Below are the records; copy every line in them that holds the string "soft".
***** DATA UNDER STUDY
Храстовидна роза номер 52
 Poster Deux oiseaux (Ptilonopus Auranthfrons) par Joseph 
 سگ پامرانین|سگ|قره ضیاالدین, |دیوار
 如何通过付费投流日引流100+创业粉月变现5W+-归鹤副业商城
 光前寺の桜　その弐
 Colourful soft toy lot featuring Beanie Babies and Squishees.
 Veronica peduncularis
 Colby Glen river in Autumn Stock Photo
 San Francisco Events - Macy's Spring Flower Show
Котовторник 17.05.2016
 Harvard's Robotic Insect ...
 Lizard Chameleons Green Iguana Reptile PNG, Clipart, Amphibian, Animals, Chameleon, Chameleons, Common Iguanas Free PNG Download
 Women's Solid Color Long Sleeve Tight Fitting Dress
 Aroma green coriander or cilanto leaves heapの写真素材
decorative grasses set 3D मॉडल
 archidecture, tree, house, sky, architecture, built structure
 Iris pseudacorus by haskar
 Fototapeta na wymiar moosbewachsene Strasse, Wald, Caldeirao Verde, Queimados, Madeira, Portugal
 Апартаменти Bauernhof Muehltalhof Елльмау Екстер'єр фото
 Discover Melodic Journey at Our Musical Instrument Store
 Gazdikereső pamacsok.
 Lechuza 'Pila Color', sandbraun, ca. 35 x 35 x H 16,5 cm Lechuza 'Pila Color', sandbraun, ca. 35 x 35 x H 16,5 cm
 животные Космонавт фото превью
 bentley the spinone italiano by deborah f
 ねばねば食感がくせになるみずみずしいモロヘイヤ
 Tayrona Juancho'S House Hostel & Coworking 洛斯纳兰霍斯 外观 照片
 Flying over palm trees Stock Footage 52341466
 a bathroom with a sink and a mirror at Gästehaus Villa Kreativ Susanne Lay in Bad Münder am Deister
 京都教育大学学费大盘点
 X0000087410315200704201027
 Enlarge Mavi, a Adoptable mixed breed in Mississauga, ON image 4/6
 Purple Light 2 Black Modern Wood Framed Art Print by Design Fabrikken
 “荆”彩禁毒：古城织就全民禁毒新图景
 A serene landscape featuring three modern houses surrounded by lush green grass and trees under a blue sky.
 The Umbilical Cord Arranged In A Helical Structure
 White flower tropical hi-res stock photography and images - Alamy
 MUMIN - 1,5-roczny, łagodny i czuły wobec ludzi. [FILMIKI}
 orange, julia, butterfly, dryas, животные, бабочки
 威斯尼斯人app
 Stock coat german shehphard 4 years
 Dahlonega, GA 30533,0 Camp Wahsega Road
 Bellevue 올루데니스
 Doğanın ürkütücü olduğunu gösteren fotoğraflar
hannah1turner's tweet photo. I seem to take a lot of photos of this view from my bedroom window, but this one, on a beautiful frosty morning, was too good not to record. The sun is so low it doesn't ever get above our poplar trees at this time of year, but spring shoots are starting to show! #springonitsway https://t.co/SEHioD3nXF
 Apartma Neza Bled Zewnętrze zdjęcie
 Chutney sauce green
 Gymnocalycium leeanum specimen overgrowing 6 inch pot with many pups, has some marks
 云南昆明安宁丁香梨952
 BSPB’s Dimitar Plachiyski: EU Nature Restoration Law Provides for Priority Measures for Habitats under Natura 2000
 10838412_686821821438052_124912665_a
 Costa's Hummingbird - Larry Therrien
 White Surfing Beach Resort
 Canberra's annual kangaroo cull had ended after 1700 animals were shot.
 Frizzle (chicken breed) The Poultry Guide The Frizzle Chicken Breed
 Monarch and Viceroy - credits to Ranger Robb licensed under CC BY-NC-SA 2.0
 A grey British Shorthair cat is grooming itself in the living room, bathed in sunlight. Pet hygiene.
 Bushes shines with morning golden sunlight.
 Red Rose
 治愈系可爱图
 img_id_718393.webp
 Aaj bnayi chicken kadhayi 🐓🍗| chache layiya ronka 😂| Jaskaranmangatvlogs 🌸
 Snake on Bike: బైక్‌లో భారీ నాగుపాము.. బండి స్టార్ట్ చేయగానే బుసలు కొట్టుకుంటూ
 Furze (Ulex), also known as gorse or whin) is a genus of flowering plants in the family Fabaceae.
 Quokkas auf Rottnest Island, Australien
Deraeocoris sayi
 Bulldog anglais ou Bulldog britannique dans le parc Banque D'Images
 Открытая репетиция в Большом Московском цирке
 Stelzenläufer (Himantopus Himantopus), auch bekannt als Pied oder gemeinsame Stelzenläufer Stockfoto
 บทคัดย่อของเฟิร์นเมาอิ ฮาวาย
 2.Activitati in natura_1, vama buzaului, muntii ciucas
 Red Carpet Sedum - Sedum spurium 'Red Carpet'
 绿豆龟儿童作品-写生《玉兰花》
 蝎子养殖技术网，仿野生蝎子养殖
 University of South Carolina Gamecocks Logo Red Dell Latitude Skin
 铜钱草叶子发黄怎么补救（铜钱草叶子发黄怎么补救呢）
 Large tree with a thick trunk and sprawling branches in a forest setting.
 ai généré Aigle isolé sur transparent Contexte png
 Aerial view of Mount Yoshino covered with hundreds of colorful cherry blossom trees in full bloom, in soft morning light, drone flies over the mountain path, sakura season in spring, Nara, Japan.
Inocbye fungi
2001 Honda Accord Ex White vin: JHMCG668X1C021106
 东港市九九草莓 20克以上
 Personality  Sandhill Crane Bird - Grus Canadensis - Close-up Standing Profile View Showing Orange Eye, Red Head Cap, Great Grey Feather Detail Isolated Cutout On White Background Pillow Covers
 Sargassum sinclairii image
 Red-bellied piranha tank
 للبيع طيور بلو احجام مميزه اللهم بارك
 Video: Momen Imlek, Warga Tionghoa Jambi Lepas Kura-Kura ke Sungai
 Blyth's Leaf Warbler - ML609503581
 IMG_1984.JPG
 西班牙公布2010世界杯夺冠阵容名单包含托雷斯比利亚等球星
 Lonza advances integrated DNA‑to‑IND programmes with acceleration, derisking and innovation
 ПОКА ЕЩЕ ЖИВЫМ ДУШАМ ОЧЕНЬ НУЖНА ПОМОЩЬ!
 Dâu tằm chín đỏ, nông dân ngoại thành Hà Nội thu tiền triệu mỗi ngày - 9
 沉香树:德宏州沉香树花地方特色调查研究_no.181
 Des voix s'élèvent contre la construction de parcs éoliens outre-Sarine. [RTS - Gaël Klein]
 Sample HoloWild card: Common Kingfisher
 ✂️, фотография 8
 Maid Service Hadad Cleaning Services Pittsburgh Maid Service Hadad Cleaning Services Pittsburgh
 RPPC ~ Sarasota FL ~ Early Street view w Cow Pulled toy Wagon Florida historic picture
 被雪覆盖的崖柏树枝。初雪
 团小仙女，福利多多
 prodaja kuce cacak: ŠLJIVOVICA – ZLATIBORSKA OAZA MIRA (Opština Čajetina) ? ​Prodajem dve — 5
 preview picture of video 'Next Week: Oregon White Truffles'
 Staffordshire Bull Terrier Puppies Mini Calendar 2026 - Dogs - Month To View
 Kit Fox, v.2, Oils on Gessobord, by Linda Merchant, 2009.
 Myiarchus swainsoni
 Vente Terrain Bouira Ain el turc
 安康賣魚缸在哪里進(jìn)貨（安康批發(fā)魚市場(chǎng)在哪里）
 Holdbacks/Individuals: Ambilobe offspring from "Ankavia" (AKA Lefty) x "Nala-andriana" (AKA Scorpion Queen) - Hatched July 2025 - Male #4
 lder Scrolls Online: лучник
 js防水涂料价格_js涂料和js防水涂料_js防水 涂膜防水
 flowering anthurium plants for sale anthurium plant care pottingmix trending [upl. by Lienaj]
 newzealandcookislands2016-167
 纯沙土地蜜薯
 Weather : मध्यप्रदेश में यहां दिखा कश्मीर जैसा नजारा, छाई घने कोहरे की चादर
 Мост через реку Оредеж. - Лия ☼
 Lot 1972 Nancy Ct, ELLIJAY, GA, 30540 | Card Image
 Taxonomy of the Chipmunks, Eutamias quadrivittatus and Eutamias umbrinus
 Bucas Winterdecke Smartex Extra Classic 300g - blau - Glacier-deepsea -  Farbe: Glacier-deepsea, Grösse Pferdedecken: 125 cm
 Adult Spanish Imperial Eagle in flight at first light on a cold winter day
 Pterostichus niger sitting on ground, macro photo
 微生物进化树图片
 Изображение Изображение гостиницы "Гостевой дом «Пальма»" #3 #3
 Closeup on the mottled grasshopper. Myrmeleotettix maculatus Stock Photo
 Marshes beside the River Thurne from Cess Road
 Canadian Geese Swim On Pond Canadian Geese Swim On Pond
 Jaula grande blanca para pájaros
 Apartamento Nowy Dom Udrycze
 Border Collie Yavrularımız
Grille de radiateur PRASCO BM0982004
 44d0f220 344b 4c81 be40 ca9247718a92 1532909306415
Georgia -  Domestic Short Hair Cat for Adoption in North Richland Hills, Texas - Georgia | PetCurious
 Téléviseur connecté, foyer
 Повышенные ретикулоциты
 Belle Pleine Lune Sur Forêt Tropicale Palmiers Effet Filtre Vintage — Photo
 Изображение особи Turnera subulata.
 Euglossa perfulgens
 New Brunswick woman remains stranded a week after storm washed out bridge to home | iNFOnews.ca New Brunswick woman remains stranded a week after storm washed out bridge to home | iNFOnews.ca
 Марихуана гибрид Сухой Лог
**********
FINISHED EXERCISE:
 Colourful soft toy lot featuring Beanie Babies and Squishees.
 Aerial view of Mount Yoshino covered with hundreds of colorful cherry blossom trees in full bloom, in soft morning light, drone flies over the mountain path, sakura season in spring, Nara, Japan.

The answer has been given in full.